Your task: In the entries below, find the line with "Lowe Alpine оригинален спортен колан" and the line with "729 Maple Oak"; copy them and every line between them exactly, but not the pictures.

Supplied information:

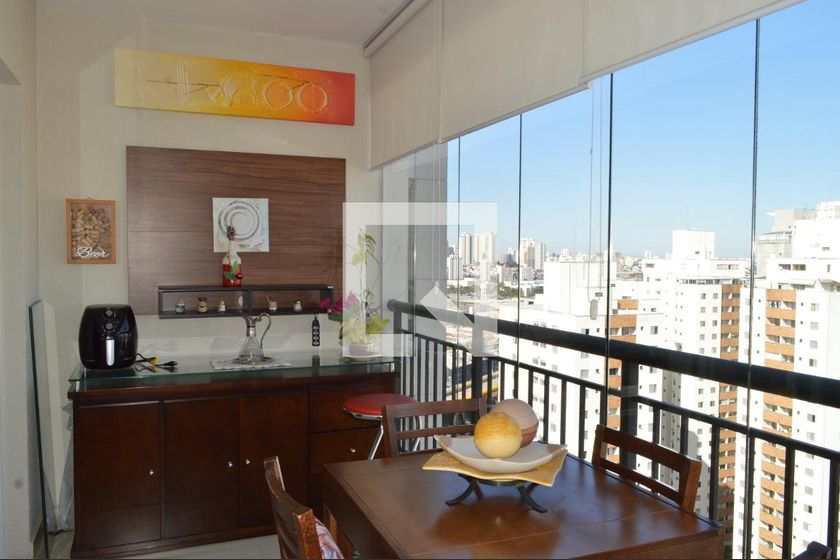 Apartamento, 1 quarto, 70 m² - Foto 75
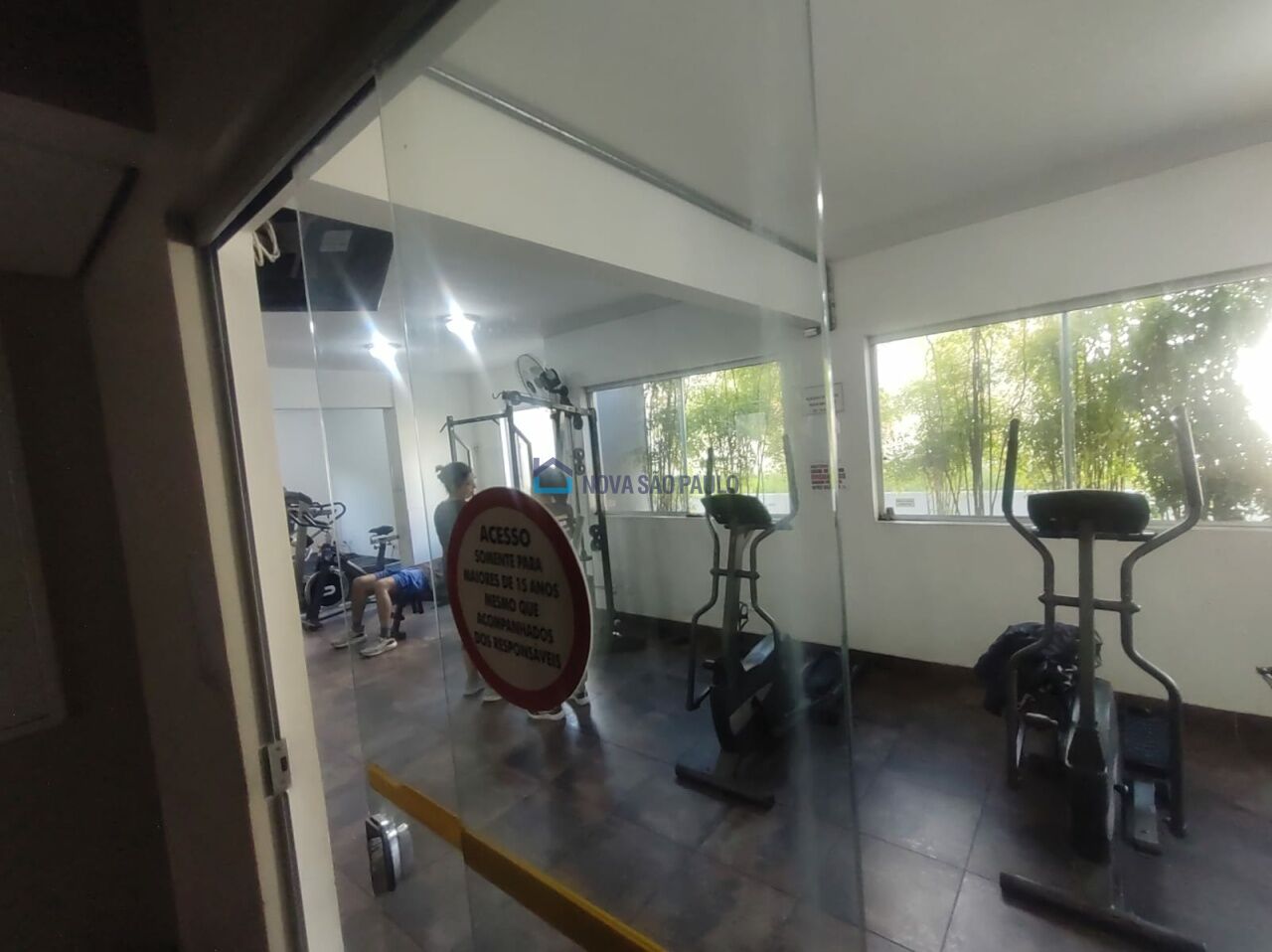 Foto 45 - BI47322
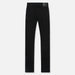 RTA Bryant Skinny Jean Men’s Pants 194693210454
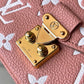 Fashion Lu-Vi bags - 4124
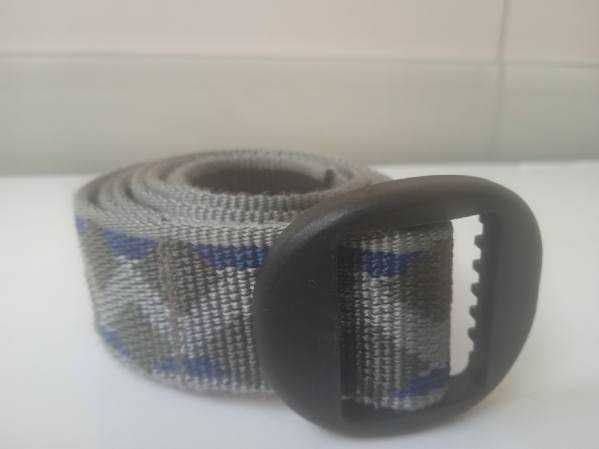 Lowe Alpine оригинален спортен колан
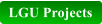 LGU Projects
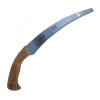 Straight Blade Pruining saw/Block Saw/Brick saw/Pruning Saw/Backsaw/Bow-saw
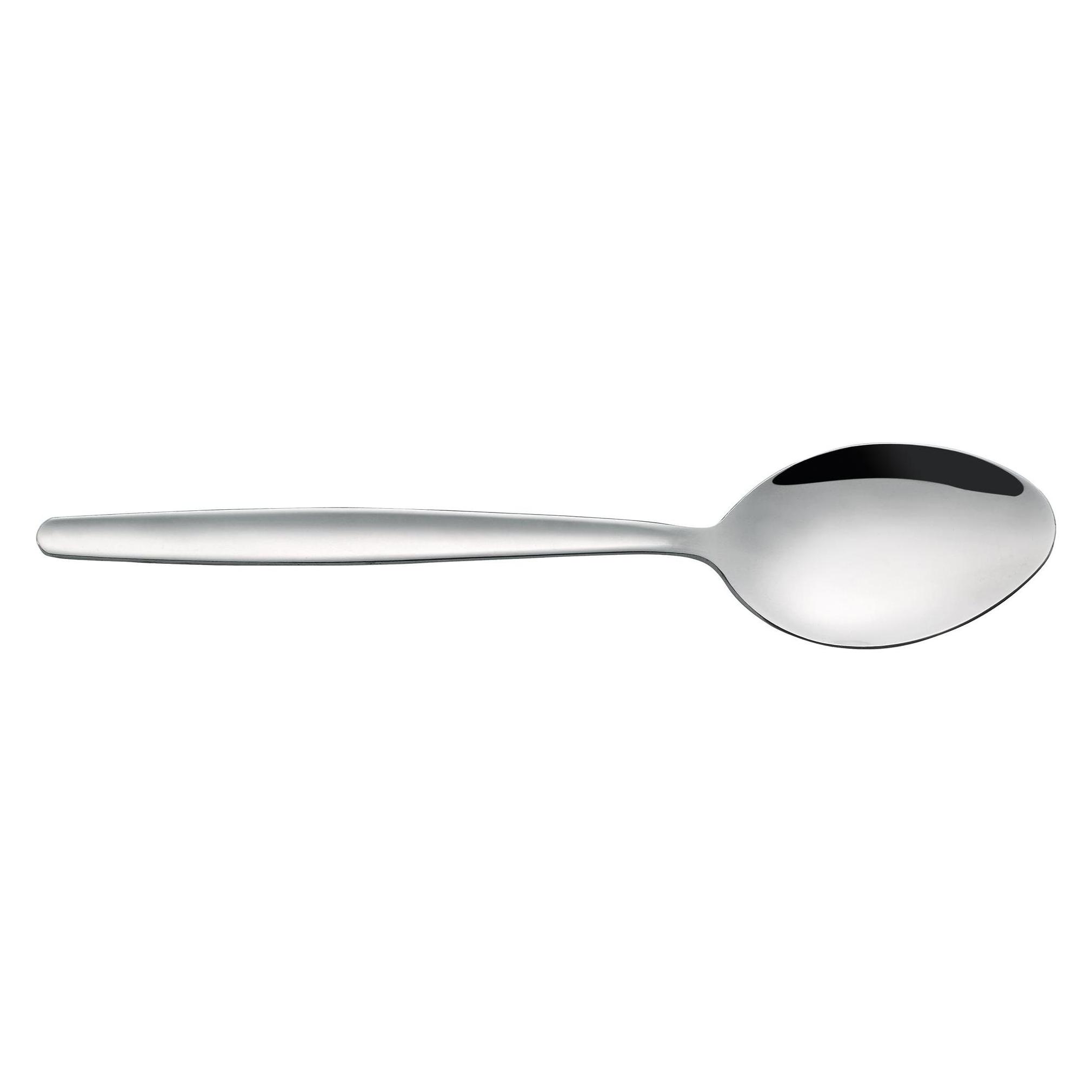 Hendi Tafellöffel Buget Line (12 Stk.) (764039)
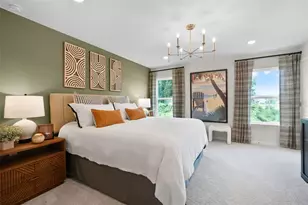 729 Maple Oak Dr, Deland, FL 32720 - Photo 18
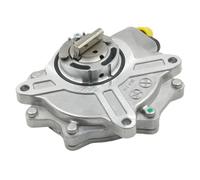 pompe à vide Convient Pour BMW Série 1 Série 3 E85 E87 E46 E90 Pompe À Vide De Frein : 11667635656 11667534236 11667542498 pompe à vide sous vide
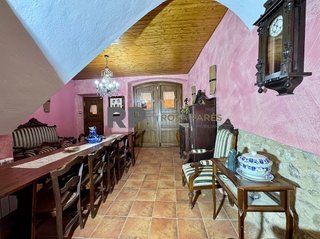 Chalet en venta en Torroella de Montgrí pueblo en Torroella de Montgrí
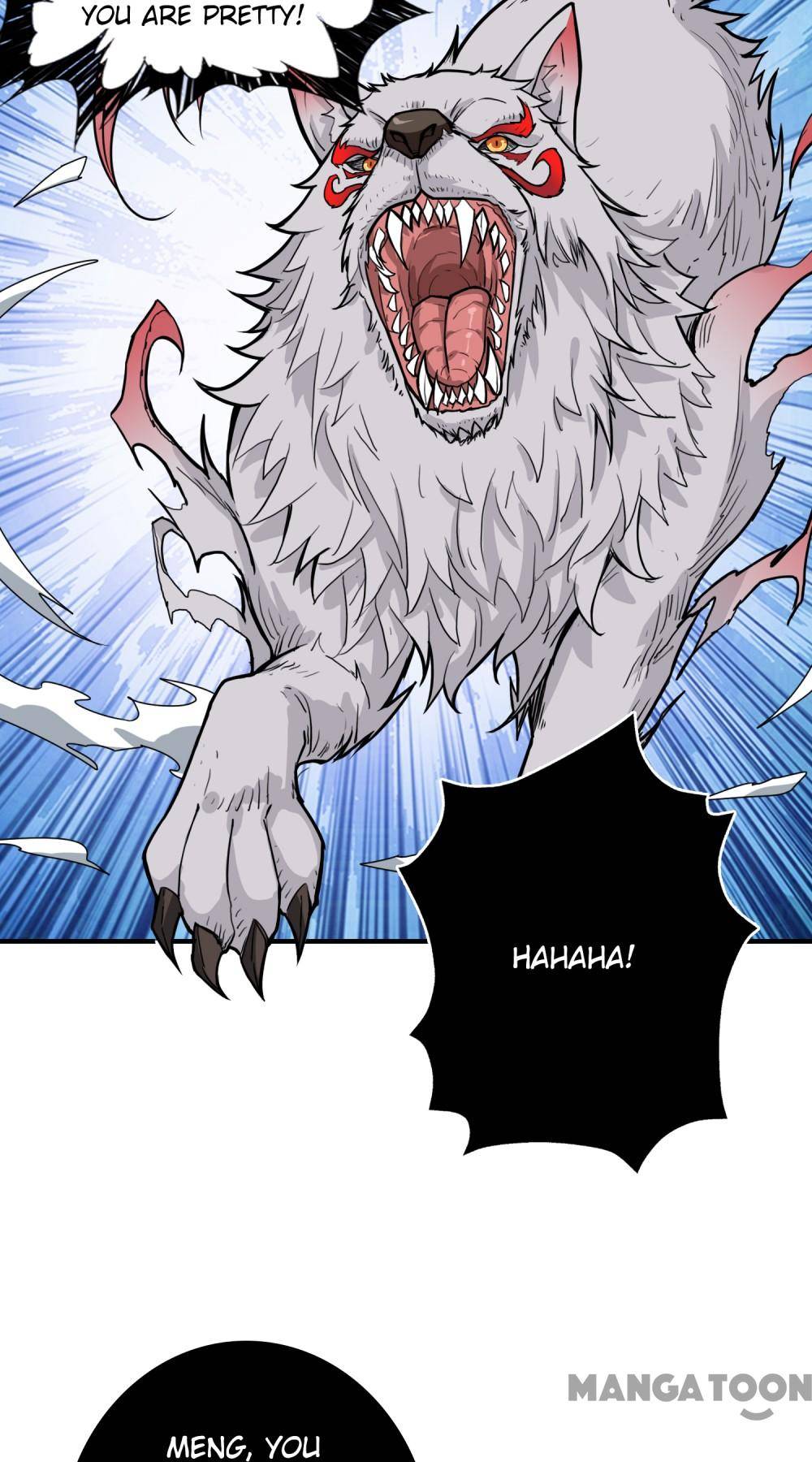 Page 5 of Chapter 202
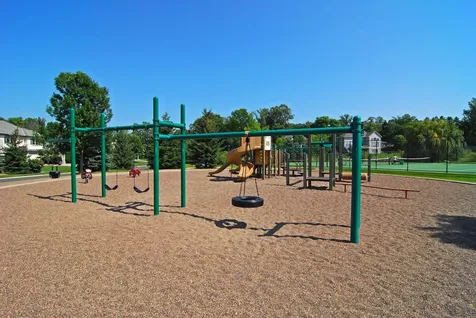 830 Fox Path Court Medina MN 55340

Output of the exercise:
 Lowe Alpine оригинален спортен колан
 LGU Projects
 Straight Blade Pruining saw/Block Saw/Brick saw/Pruning Saw/Backsaw/Bow-saw
 Hendi Tafellöffel Buget Line (12 Stk.) (764039)
 729 Maple Oak Dr, Deland, FL 32720 - Photo 18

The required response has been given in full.